Though most have seen the film version, the book Charlie and the Chocolate Factory differs a bit when it describes Charlie's unique reverence for chocolate, how he hungered for that more than any food in the world, and how he treasured his birthdays when his whole family would save up to give him a chocolate bar. “And each time he received it, on those marvelous birthday mornings, he would place it carefully in a small wooden box that he owned, and treasure it as though it were a bar of solid gold.” The only thing finer than experiencing the glory of chocolate for yourself is sharing it with somebody else.
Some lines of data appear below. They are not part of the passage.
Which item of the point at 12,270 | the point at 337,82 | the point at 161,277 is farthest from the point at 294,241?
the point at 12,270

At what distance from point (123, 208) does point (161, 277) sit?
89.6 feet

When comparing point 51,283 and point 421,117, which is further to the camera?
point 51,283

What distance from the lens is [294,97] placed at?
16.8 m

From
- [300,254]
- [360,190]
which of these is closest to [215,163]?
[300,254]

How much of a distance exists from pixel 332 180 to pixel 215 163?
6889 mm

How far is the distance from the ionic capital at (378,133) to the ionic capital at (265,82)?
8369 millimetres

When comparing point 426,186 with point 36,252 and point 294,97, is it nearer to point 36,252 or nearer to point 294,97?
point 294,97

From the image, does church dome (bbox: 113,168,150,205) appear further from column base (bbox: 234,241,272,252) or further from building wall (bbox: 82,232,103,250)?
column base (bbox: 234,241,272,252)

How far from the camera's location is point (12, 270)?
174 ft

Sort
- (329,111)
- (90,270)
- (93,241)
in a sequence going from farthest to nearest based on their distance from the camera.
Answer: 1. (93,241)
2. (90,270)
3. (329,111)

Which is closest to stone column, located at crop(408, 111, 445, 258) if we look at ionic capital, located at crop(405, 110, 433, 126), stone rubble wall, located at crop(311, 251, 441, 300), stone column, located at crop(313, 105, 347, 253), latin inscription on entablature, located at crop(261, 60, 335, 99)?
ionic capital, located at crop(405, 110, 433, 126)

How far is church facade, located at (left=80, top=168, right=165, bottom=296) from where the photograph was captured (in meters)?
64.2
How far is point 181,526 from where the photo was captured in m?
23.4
Though Mother's Day encourages us to throw a little extra love Mom's way to show appreciation for our existence and for her role in making you what you are today, pretty much any day would be a good day to buy Mom (or Dad) some chocolate. While Snickers Bars and Kit-Kats have their own convenience-store charm, there's nothing quite like chocolates made with a little extra love and attention.
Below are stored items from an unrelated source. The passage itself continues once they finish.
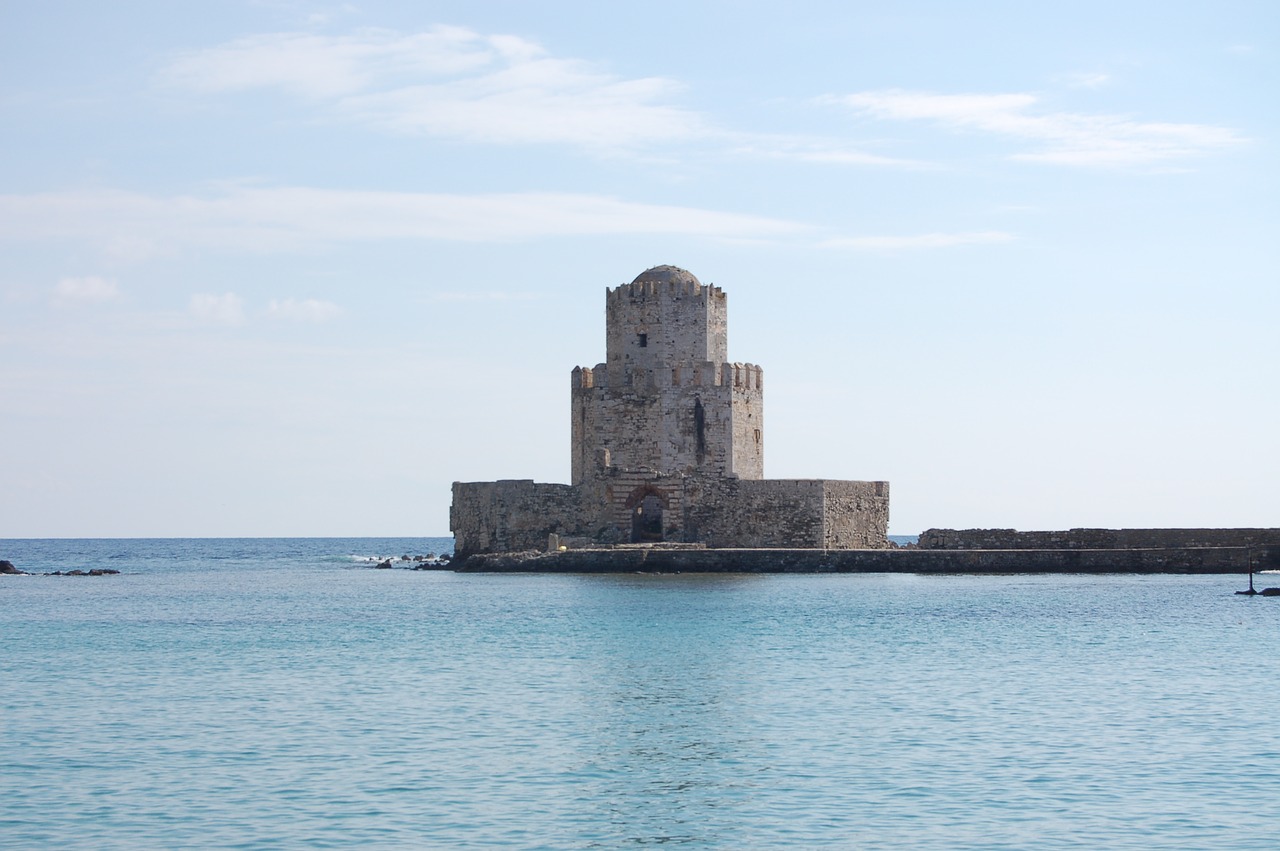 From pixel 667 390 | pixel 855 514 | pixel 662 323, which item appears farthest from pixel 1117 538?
pixel 662 323

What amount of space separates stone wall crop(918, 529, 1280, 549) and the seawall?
588mm

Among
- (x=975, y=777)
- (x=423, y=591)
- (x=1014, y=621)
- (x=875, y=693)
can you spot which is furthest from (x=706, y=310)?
(x=975, y=777)

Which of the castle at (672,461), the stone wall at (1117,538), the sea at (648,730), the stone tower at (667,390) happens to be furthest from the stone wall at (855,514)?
the sea at (648,730)

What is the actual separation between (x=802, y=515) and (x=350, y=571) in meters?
18.6

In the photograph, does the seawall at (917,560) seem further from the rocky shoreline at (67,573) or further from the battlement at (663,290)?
the rocky shoreline at (67,573)

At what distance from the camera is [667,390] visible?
4066 cm

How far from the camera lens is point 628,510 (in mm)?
40688

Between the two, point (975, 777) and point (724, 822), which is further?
point (975, 777)

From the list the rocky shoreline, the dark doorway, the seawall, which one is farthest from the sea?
the rocky shoreline

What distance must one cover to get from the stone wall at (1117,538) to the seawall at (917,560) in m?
0.59

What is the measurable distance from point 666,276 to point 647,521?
6.38m

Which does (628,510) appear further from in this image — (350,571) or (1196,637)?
(1196,637)

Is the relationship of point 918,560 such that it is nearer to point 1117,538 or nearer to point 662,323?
point 1117,538

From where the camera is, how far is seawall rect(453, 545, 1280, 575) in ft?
123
When discussing chocolatiers in the area, my first go-to would have to be Sucré. Since 2007, chef and co-founder Tariq Hanna and his team have been slinging delicate, European-quality chocolates to the addicts of the Crescent City. Definitely on the higher-end of the chocolate shops in town, Sucré can be pretty pricey, but it is possible to stay in budget and score fantastic chocolate. Wrapped in pretty pastels, a bar or two of their 65-percent single-bean dark chocolate bars with candied violet, coconut, and toasted almond, or Sicilian pistachio and rose petals, would make the perfect treat for Mom. Or, you can get a four-piece favor box of bonbons of your choice, like the “Avery” with salted caramel and double cream chocolate with fleur de sel; “Raspberry Cheesecake,” a white chocolate truffle blended with cream cheese and swirled with raspberry jam; and, most recently, the Meuniere chocolate created for our city's tricentennial celebration, made with Swiss white chocolate, brown butter, and sea salt, encased in a black and gold, dark chocolate shell.
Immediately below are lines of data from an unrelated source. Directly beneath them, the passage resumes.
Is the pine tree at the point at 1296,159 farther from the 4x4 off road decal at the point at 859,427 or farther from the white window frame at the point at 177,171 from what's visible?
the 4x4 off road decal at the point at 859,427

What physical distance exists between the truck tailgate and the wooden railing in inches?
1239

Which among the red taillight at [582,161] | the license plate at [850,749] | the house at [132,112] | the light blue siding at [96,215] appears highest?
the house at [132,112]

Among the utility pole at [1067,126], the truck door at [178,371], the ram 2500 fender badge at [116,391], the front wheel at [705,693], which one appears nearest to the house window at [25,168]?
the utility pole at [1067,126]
Known primarily for their chocolate cream cheese-filled king cakes, Bittersweet Confections in the Warehouse District also offers a delightful array of chocolates and other confections. Founded by local entrepreneur Cheryl Scripter in 2002, this Magazine Street bakery and café is a great spot Downtown to pick up a cup of coffee and indulge in a bite or two of pure bliss in the form of handmade crème brûlée and blood orange dark chocolate truffles, cherry almond bark, rich caramels, or colorful flower-shaped dark chocolates accented with fresh berries. Oh, and before you're too dizzy, don't forget to save some for Mom.
Finally, one of the most recent Willy Wonka-ish wizards on the scene is none other than the bean-to-bar dreamers at Piety & Desire. Talk about going the extra mile, Chris Nobles is the artisan extraordinaire who takes fermented cocoa beans and turns them into bonbons and bars with a rare richness in flavor I've never experienced before. The chocolates available seem to shift on a whim, but if you have the good fortune to taste the Satsuma Zinger, you will definitely know the delights of which I speak. Bring your mom to the South Broad Street shop and return frequently … you know (ahem), to keep up with Nobles's evolving skill and creativity.